— DIRECTIONS —
Reproduce the whole listing exactly and let no picture into the copy.

— DATASET EXCERPT —
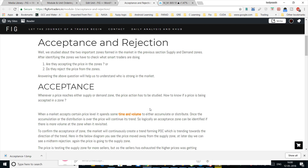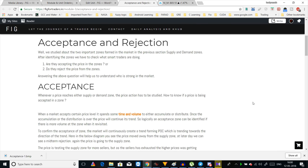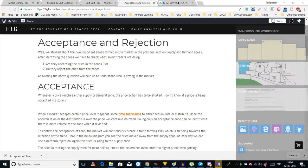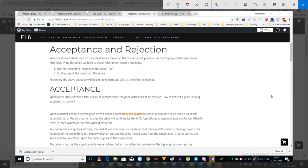Hello guys. In the previous unit we saw about how a zone is formed, what is a zone, how a zone is formed, and what are the two important zones — supply and demand zones — and how they are formed. Today in this session we'll be learning how to create the supply and demand zones and what is the price action behind each zone.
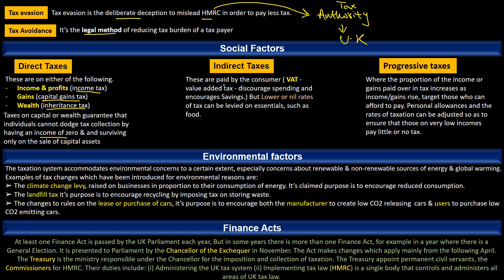Indirect taxes are paid by consumers, for example VAT or value-added tax. These kinds of taxes discourage spending while encouraging savings, but on the other hand on essential items such as food there can be a lower or nil rate tax. Finally, we have progressive taxes where the proportion of income or gain paid in tax increases as income or gain rises. Its main targets are those people who can afford to pay. Personal allowances and the rate of taxation can be adjusted to ensure that those on very low income pay little or no tax.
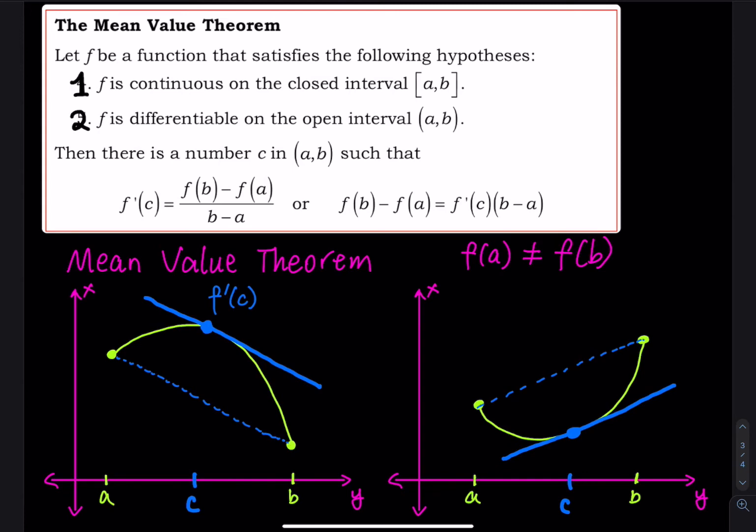What the Mean Value Theorem is telling us is: I have a curve between a and b, and since I have two points I can draw a straight dashed line to connect them. I can use the elementary algebra slope formula for the dashed line, but for the curve itself I have to take the first derivative.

— RESULT OF THE EXERCISE —
Hello guys. In the previous unit we saw about how a zone is formed, what is a zone, how a zone is formed, and what are the two important zones — supply and demand zones — and how they are formed. Today in this session we'll be learning how to create the supply and demand zones and what is the price action behind each zone.
Indirect taxes are paid by consumers, for example VAT or value-added tax. These kinds of taxes discourage spending while encouraging savings, but on the other hand on essential items such as food there can be a lower or nil rate tax. Finally, we have progressive taxes where the proportion of income or gain paid in tax increases as income or gain rises. Its main targets are those people who can afford to pay. Personal allowances and the rate of taxation can be adjusted to ensure that those on very low income pay little or no tax.
What the Mean Value Theorem is telling us is: I have a curve between a and b, and since I have two points I can draw a straight dashed line to connect them. I can use the elementary algebra slope formula for the dashed line, but for the curve itself I have to take the first derivative.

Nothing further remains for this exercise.